* _ABOUT THIS TASK_
Your copy should hold only the lines from the one holding "Breaking Barriers Drawstring" through the last line of the records below, both included, each exact and with no pictures.

* _DATA EXTRACTS_

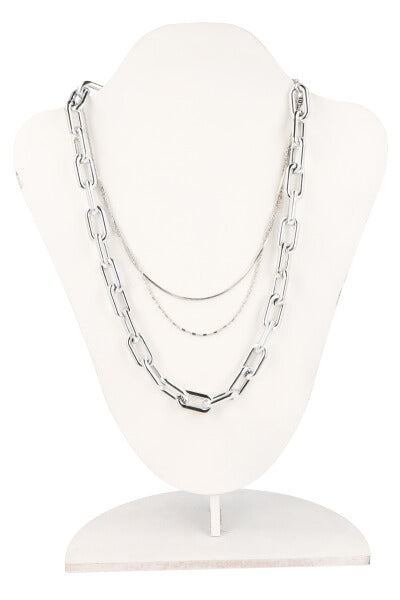 Collar 3 Capas Cadena PLATA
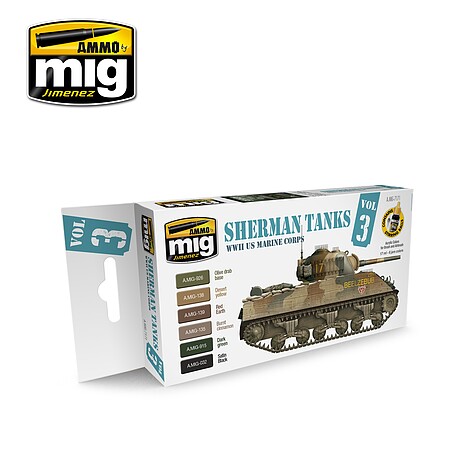 Ammo Sherman Tanks Vol. 3 (WWII US Marine Corps) Colors Paint Set Hobby and Model Paint Set #7171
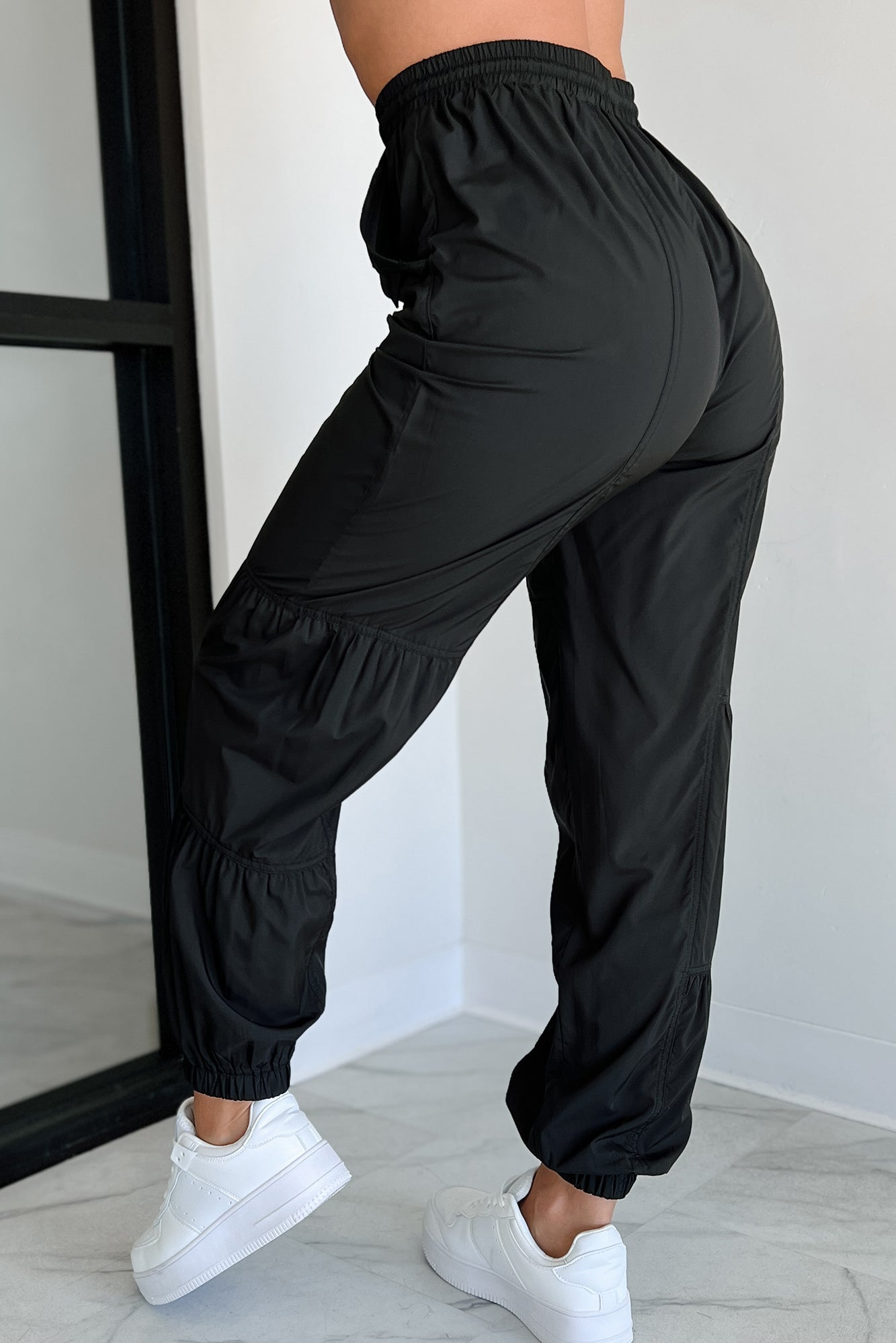 Breaking Barriers Drawstring Waist Joggers (Black)-The Formal Wear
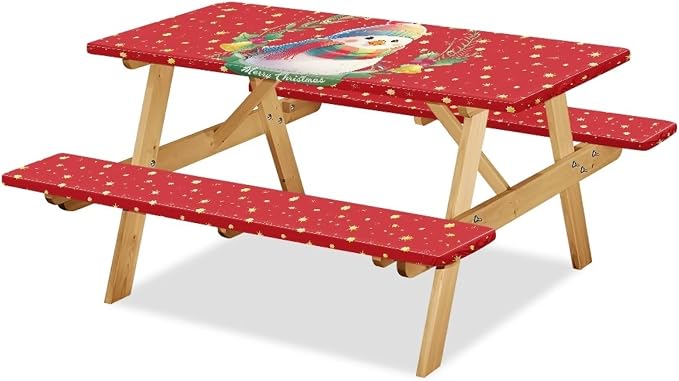 Camping Tablecloth with Elastic Band for Camping Party Supplies Christmas Snowman Picnic Table Cover with Bench Covers 3 PCS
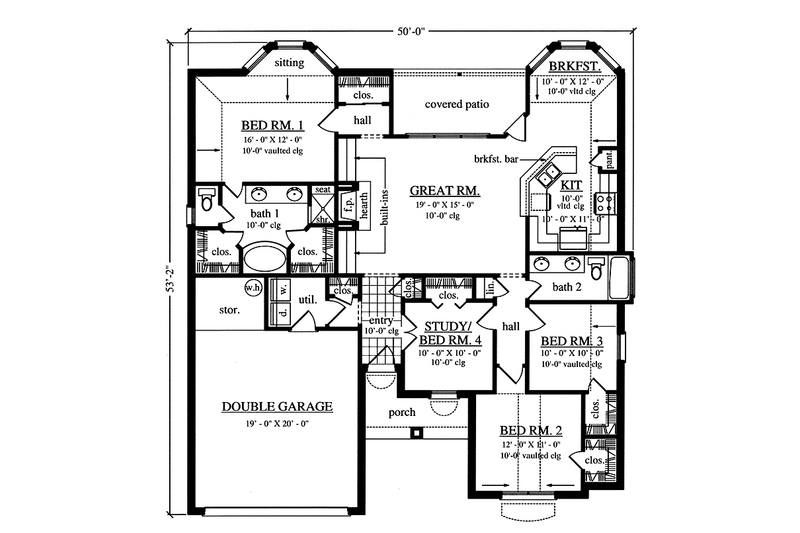 House Blueprint - Floor Plan - Main Floor for Country House Plan #42-701 - 3 bed, 2 bath
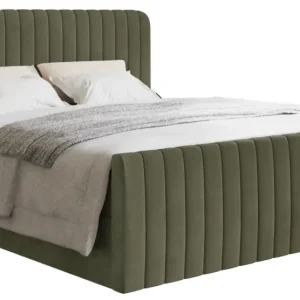 Łóżko kontynentalne 160x200 cm Saliano z pojemnikami i topperem oliwkowe welur Oferta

* _TASK RESULT_
 Breaking Barriers Drawstring Waist Joggers (Black)-The Formal Wear
 Camping Tablecloth with Elastic Band for Camping Party Supplies Christmas Snowman Picnic Table Cover with Bench Covers 3 PCS
 House Blueprint - Floor Plan - Main Floor for Country House Plan #42-701 - 3 bed, 2 bath
 Łóżko kontynentalne 160x200 cm Saliano z pojemnikami i topperem oliwkowe welur Oferta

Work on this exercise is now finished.